Just as Lyon inspired so many others, he has motivated Stowers, too, helping him push through rough patches.
"To see someone so strong fighting through adversity, if he can call that the best thing in his life, I should be able to handle an 0-for-4," Stowers said.
And struggles came early for Stowers at Stanford.
After being named the San Diego Union-Tribune Student-Athlete of the Year in 2016 and hitting a combined .387 with a .493 on-base percentage as a junior and senior in high school, Stowers hit just .103 with a .205 slugging percentage over 19 games as a freshman.
"He's a good story of perseverance," David Esquer, Stanford's head coach, said. "He didn't have a highly productive freshman year, which is fine. Not all college baseball players can step on a college baseball field and be a force. It took him a little time and some patience, and last year he had a breakout year."

In 58 games, Stowers hit .286/.383/.510 with 10 homers and 42 RBIs. The 6-foot-3 left-handed outfielder then went on to hit .326 with six home runs in 34 games in the Cape Cod League.
Although Stowers, who has drawn comparisons to Cody Bellinger and Charlie Blackmon, still has some swing and miss to his game and struggles with consistency at times, his big sophomore season considerably raised his draft stock and put his name on several preseason watch lists.
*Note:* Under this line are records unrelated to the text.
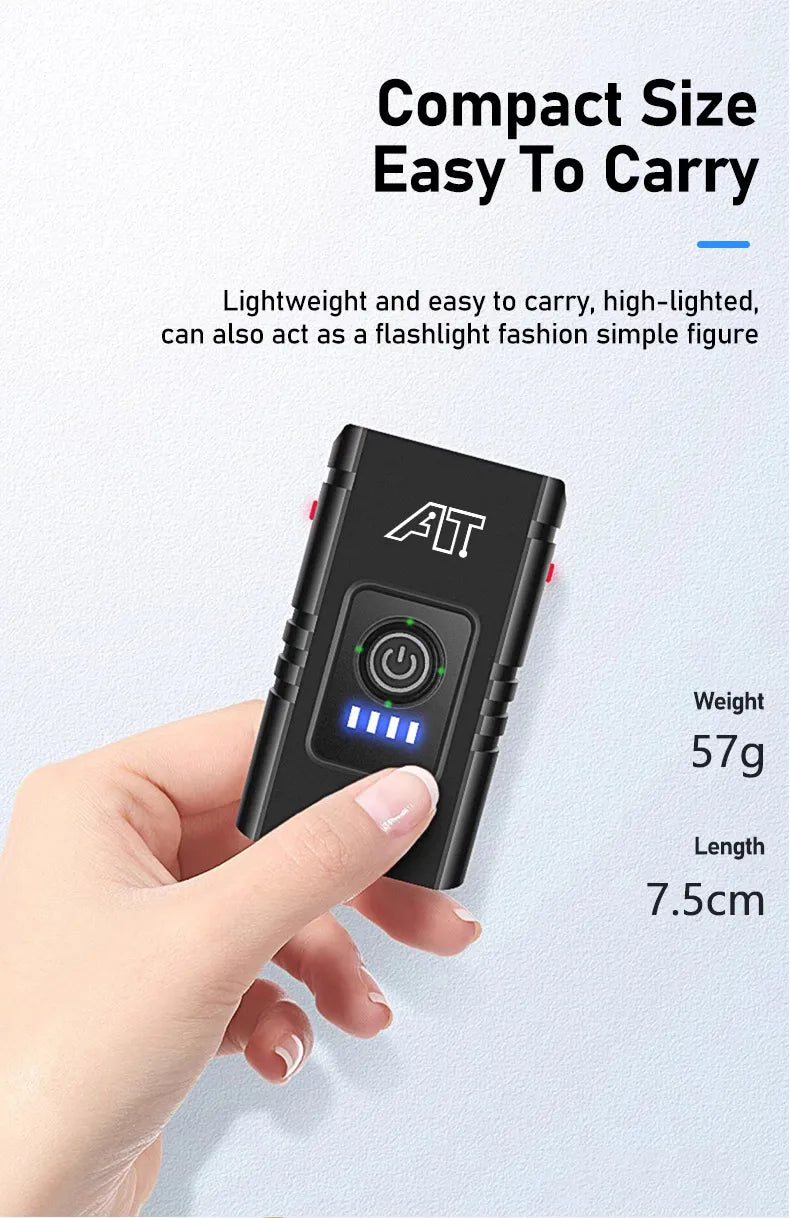 Luz delantera LED para bicicleta, faro recargable tipo C para bicicleta de montaña y carretera, fácil de instalar, accesorios para ciclismo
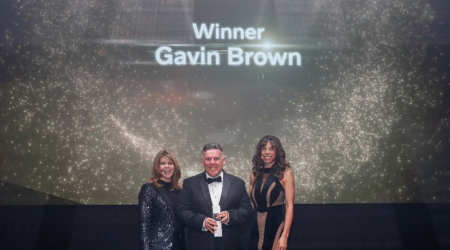 Winner Gavin Brown
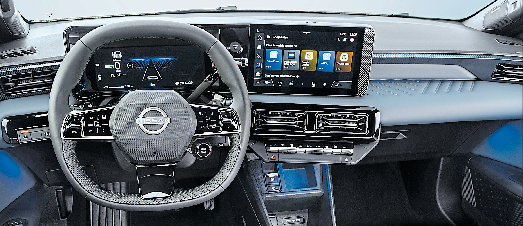 Aufgeräumtes Cockpit. Fotos: Nissan/Autoren-Union Mobilitöt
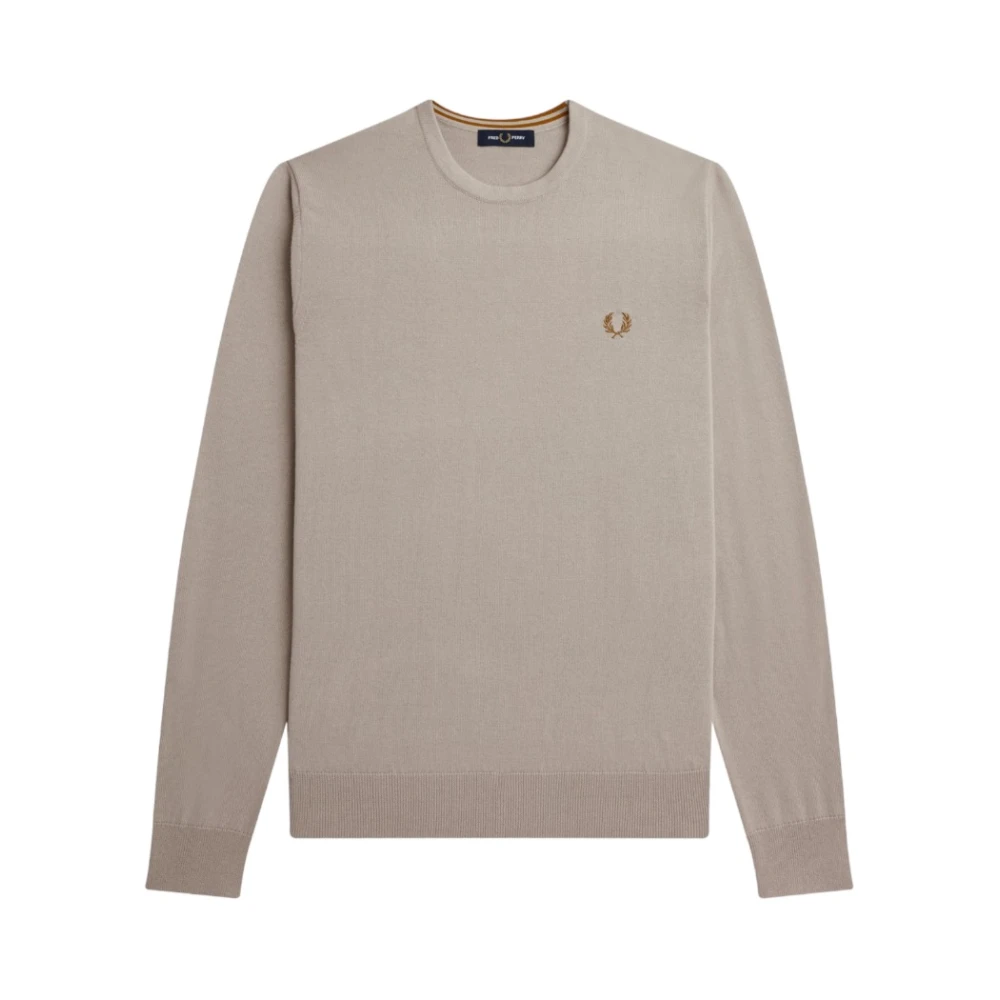 Fred Perry Stijlvolle Maglia Shirt Beige Heren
"It's great that his success this summer was so great for his confidence," Esquer said. "I think it really solidified in his brain what everyone else thought about him, which is this kid has a chance to be a prime Major League player and a premium pick."
Playing with increased confidence isn't the only change Stowers has made heading into the 2019 season. After donning the No. 6 on his jersey over the past two seasons, Stowers has opted to switch to No. 37 for what may be his last year at Stanford.
"Jason wore No. 37 in high school," Stowers said. "My number in high school was always four and I imagined myself switching to four once [Cubs first-round Draft pick] Nico [Hoerner] left, but then I figured if I was going to switch, I felt like switching to 37 felt right."

The new number, along with the bracelet, will help Stowers keep everything in perspective throughout the season, which is shaping up to be an important one for the potential early-round Draft pick.
Stowers has already begun to notice some of the hype and increased attention that comes along with a player entering his junior season, but for now he knows there's a long way to go until the Draft begins on June 3.
"The fact that people like the way I play the game and like what I have to offer, it's great," Stowers said. "I don't overthink it. It's an honor and it's fun. As far as rankings or preseason honors, it's so cool to be recognized. It's a great honor, but at the end of the year, it'll mean a little more. It's cool stuff now, but there's the whole season to be played."